Exercise instructions:
Further down are entries; set down exactly and only the lines from the one with "Moderne Penthouse Wohnung" up to and including the one with "Toyota Corolla 1994", dropping each picture.

Given data:
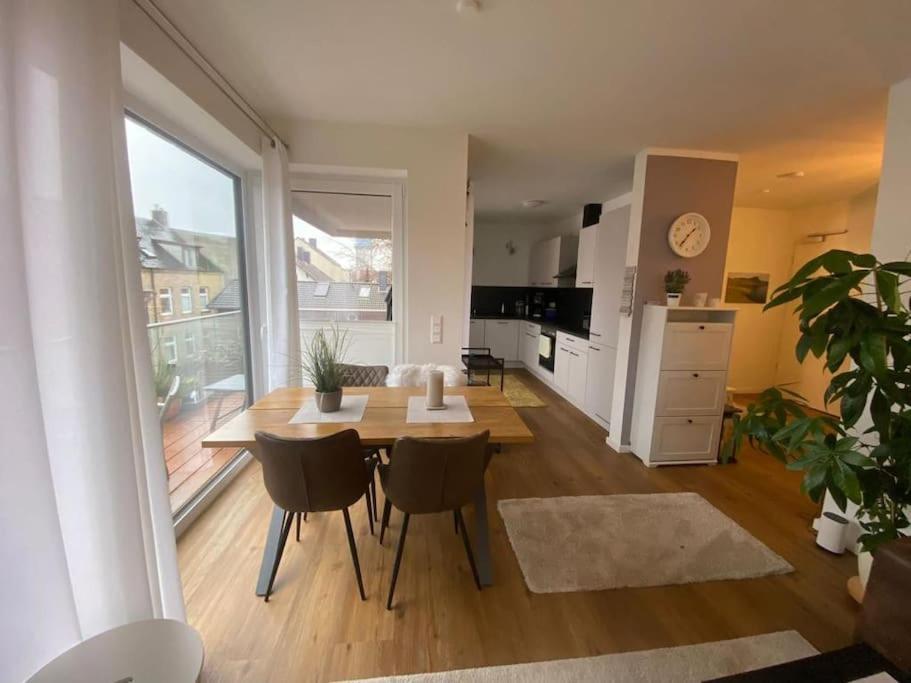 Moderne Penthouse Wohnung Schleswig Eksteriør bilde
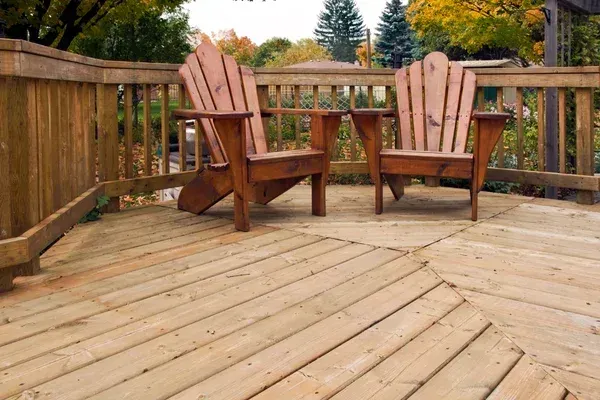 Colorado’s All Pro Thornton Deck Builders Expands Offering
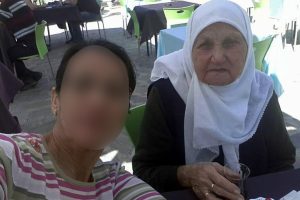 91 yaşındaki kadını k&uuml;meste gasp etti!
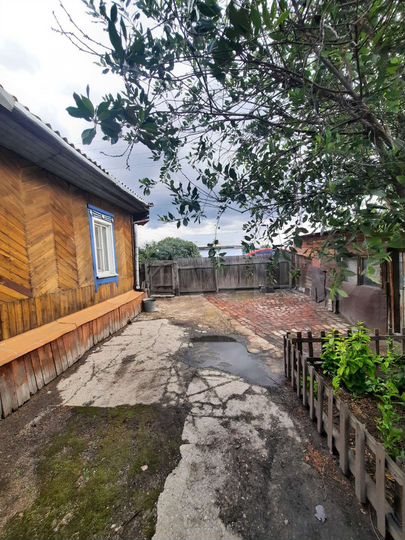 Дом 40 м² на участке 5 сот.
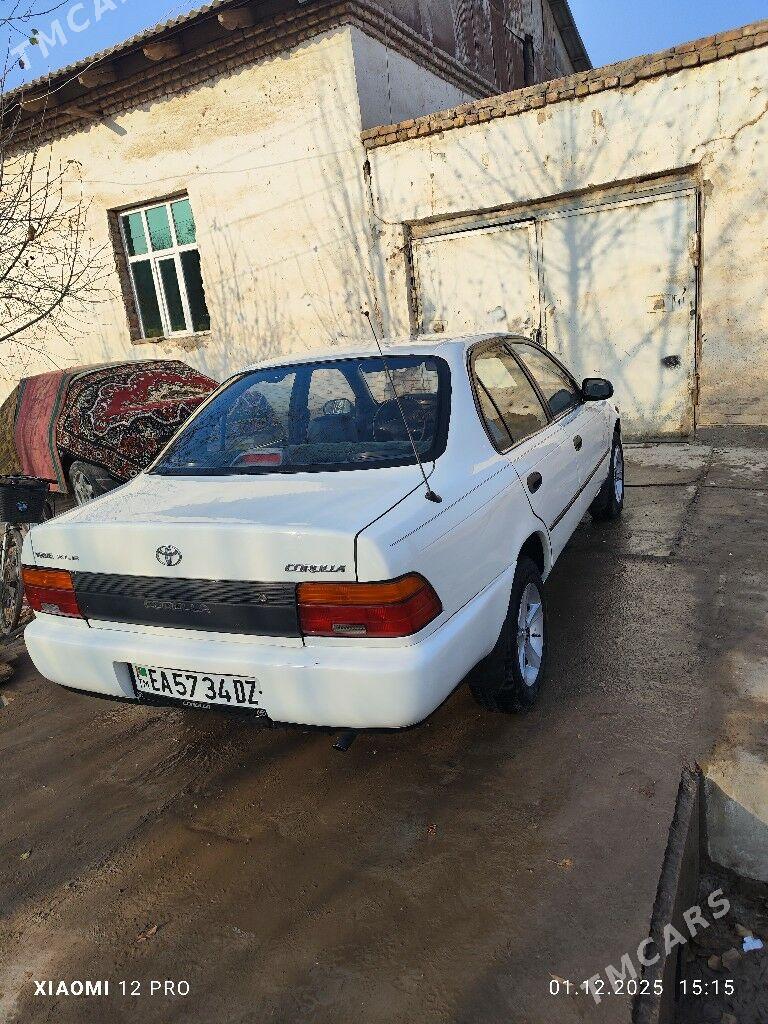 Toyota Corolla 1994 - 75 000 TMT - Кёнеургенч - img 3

* * *

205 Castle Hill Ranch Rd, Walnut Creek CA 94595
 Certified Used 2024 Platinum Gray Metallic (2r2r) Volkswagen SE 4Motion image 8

Your response:
 Moderne Penthouse Wohnung Schleswig Eksteriør bilde
 Colorado’s All Pro Thornton Deck Builders Expands Offering
 91 yaşındaki kadını k&uuml;meste gasp etti!
 Дом 40 м² на участке 5 сот.
 Toyota Corolla 1994 - 75 000 TMT - Кёнеургенч - img 3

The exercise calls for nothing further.